Jean-Marie Collin a publié l’article suivant sur le site « Questions internationales » d’Edouard Pflimlin.
L’arrivée de Donald Trump à la présidence des Etats-Unis a remis la problématique des armes nucléaires au centre des préoccupations de la communauté internationale. Il faut dire que ces annonces approximatives et sa volonté de remettre en cause des traités internationaux sur la non-prolifération et le désarmement nucléaire ont de quoi effrayer. Mais, s’il faut prendre ces déclarations avec sérieux, il faut aussi arrêter de voir la problématique nucléaire sous un prisme uniquement américano-russe. Sept autres États à travers le monde possèdent et modernisent leurs arsenaux nucléaires, et tous font peser du fait de leur politique de dissuasion nucléaire une insécurité sur le monde.

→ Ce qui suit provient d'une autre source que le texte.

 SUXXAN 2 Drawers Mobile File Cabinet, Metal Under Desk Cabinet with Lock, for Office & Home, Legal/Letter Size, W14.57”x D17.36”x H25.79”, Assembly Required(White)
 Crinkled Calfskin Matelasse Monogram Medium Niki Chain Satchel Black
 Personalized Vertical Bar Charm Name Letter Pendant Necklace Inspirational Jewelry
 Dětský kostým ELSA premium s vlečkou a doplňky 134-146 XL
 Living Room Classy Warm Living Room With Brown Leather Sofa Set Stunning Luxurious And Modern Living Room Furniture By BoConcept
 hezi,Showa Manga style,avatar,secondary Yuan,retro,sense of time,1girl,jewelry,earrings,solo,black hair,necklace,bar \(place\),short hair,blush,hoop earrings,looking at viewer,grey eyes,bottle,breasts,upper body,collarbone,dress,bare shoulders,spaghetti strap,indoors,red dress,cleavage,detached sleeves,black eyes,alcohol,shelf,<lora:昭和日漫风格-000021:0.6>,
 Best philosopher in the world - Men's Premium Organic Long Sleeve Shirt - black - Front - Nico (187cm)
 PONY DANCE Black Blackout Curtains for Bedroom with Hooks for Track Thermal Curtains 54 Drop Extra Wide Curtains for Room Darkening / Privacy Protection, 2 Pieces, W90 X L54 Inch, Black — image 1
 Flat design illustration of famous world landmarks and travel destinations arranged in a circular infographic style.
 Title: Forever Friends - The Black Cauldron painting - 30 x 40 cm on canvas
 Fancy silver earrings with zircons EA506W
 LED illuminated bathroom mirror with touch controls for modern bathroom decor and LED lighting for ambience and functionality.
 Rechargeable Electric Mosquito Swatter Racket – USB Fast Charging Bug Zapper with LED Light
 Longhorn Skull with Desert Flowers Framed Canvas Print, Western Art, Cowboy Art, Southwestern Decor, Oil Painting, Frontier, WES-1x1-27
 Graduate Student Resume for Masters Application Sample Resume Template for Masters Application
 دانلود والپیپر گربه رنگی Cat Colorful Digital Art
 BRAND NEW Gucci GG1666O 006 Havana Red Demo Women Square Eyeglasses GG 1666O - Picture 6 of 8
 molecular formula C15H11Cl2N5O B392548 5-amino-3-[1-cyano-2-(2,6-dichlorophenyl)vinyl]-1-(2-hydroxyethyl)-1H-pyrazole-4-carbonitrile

À la question « est-on à l’aube d’une nouvelle course aux armes nucléaires entre la Russie et les États-Unis ? », il faudrait plutôt dire « Est-on entré dans une nouvelle ère de course aux armes nucléaires ? ». En effet, si l’on doit s’inquiéter des remises en cause du président Trump (sur le Traité New Start et sur l’accord nucléaire iranien) et du Président Poutine (suspicion de violation du traité sur les forces nucléaires à portée intermédiaire) le tout sous couvert d’annonce de renforcement de leurs arsenaux, il serait malvenu d’ignorer le jeu des 7 autres États qui disposent d’armes nucléaires : France, Chine, Royaume-Uni, Israël, Inde, Pakistan, Corée du nord.
Tous ces États sont, depuis quelques années, dans une modernisation de leur force nucléaire et font peser de fait une instabilité régionale et mondiale de plus en plus grande. À titre d’exemple, le Royaume-Uni a voté en juillet 2016 un processus (coût minimum de 50 milliards d’euros) pour renouveler sa flotte de sous-marins nucléaires lanceurs d’engins (SNLE). La Chine, elle, poursuit le développement de nouveaux missiles balistiques à longue portée, ainsi que sa composante nucléaire sous-marine, tout comme l’Inde qui en même temps va renouveler sa composante nucléaire aérienne avec l’arrivée des Rafales… La Corée du Nord évidemment est dans la quête d’une capacité balistique crédible (terrestre et sous-marine), mais recherche surtout à miniaturiser son engin nucléaire pour l’intégrer parfaitement dans ces futurs missiles. Quand à la France, Manuel Valls, alors premier ministre, annonçait fièrement « qu’elle fait la course en tête pour les technologies de dissuasion » (23 octobre 2014). Une annonce officielle (qui est en complète contradiction avec la ligne diplomatique…) qui corrobore la volonté du Chef de l’État et des militaires (et des industriels) de voir doubler le budget de la dissuasion (à l’horizon 2020/2022, à hauteur de 6 milliards d’euros) pour assurer l’arrivée de SNLE de troisième génération, d’une nouvelle version du missile balistique M51, d’études sur un successeur au missile de croisière ASMP-A, etc…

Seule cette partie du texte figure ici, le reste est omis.